Source: The Guardian
Forty were also injured in the Wednesday attack which struck farmers and labourers who just finished work, Afghan officials say
A US drone strike intended to hit an Islamic State hideout in Afghanistan has killed at least 30 civilians who were resting after harvesting pine nuts.
Forty people were also injured in the attack on Wednesday night which struck farmers and labourers who had just finished their day’s work at the mountainous Wazir Tangi in eastern Nangarhar province, three Afghan officials told Reuters.
“The workers had lit a bonfire and were sitting together when a drone targeted them,” tribal elder Malik Rahat Gul told Reuters by telephone from Wazir Tangi.
Afghanistan’s defence ministry and a senior US official in Kabul confirmed the drone strike, but did not share details of civilian casualties.
“US forces conducted a drone strike against Da’esh [Isis] terrorists in Nangarhar,” said Col Sonny Leggett, a spokesman for US forces in Afghanistan. “We are aware of allegations of the death of non-combatants and are working with local officials to determine the facts.”
About 14,000 US troops are in Afghanistan, training and advising Afghan security forces and conducting counter-insurgency operations against Isis and the Taliban movement.

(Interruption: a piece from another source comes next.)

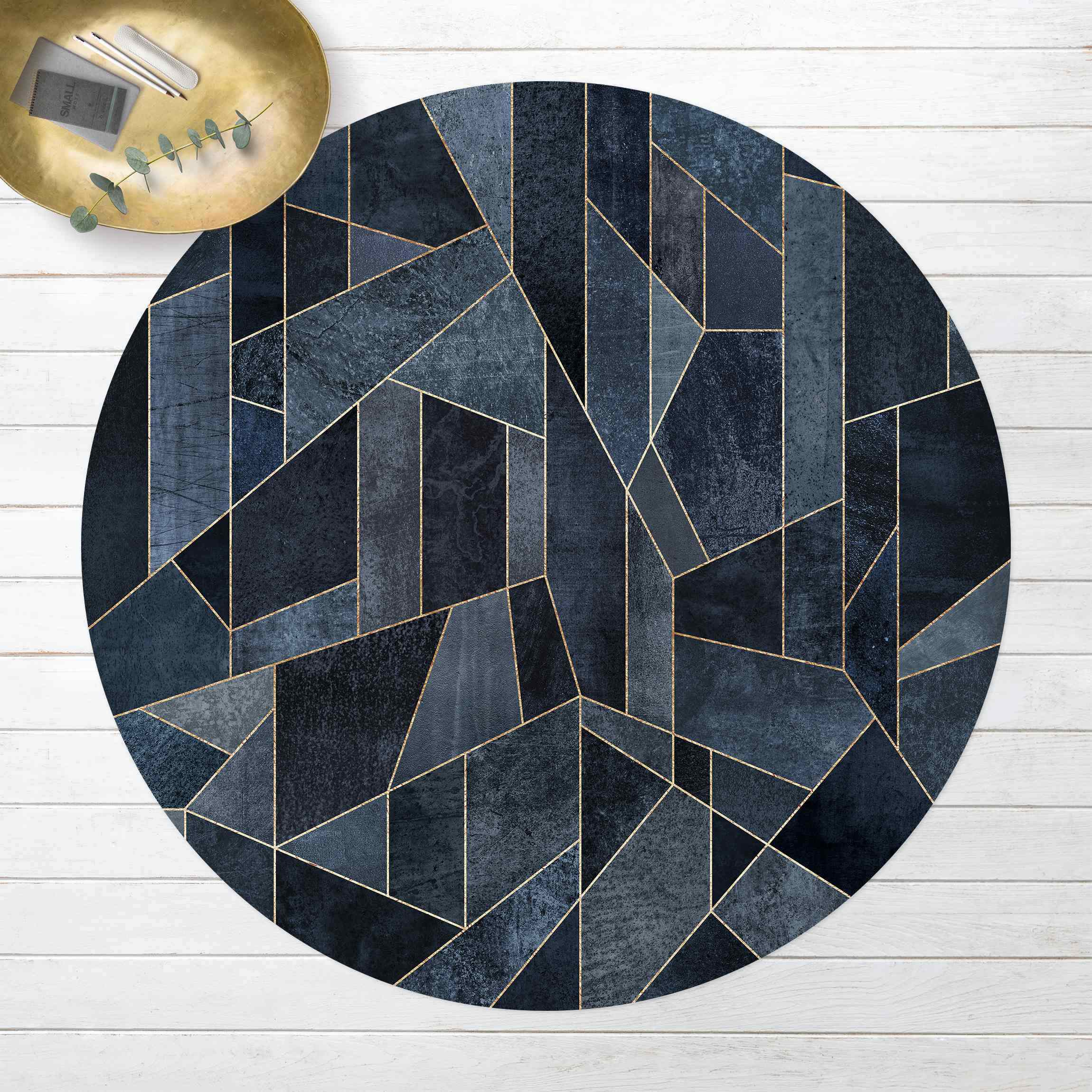 Runder Vinyl-Teppich Blaue Geometrie Aquarell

Haidar Khan, who owns the pine nut fields, said about 150 workers were there for harvesting, with some still missing as well as the confirmed dead and injured.

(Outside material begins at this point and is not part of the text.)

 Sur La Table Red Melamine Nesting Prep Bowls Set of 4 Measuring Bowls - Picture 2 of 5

A survivor of the drone strike said about 200 labourers were sleeping in five tents pitched near the farm when the attack happened.
“Some of us managed to escape, some were injured but many were killed,” said Juma Gul, a resident of north-eastern Kunar province who had travelled along with labourers to harvest and shell pine nuts this week.

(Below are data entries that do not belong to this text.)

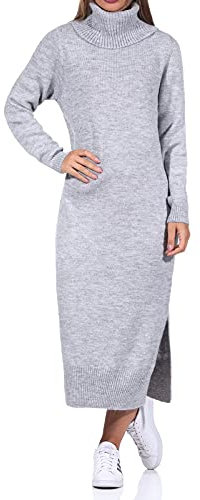 ONLY Damen Langes Strickkleid | Langarm Midi Pullover Dress | Rollkragen Sweater mit Schlitz ONLBRANDIE, Farben:Grau, Größe:XS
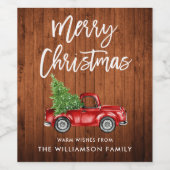 Penseel Script Rustic Wood Kerstmis  Truck Wijn Etiket (Enkel label)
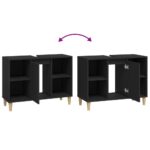 Meuble d'évier noir 80x33x60 cm bois d'ingénierie – Image 7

Angry residents of Nangarhar province demanded an apology and monetary compensation from the US government.
“Such mistakes cannot be justified. American forces must realise [they] will never win the war by killing innocent civilians,” said Javed Mansur, who lives in Jalalabad city.
Isis fighters first appeared in Afghanistan in 2014 and have since made inroads in the east and north where they are battling the government, US forces and the Taliban.
The exact number of Isis fighters is difficult to calculate because they frequently switch allegiances, but the US military estimates there are about 2,000.
There has been no let-up in assaults by Taliban and Isis as Afghanistan prepares for a presidential election this month.
In a separate incident, at least 20 people died in a suicide truck bomb attack on Thursday carried out by the Taliban in the southern province of Zabul.
Hundreds of civilians have been killed in fighting across Afghanistan after the collapse of US-Taliban peace talks this month. The Taliban has warned Donald Trump will regret his decision to abruptly call off talks that could have led to a political settlement to end the 18-year-old war.
The United Nations says nearly 4,000 civilians were killed or wounded in the first half of the year. That included a big increase in casualties inflicted by government and US-led foreign forces.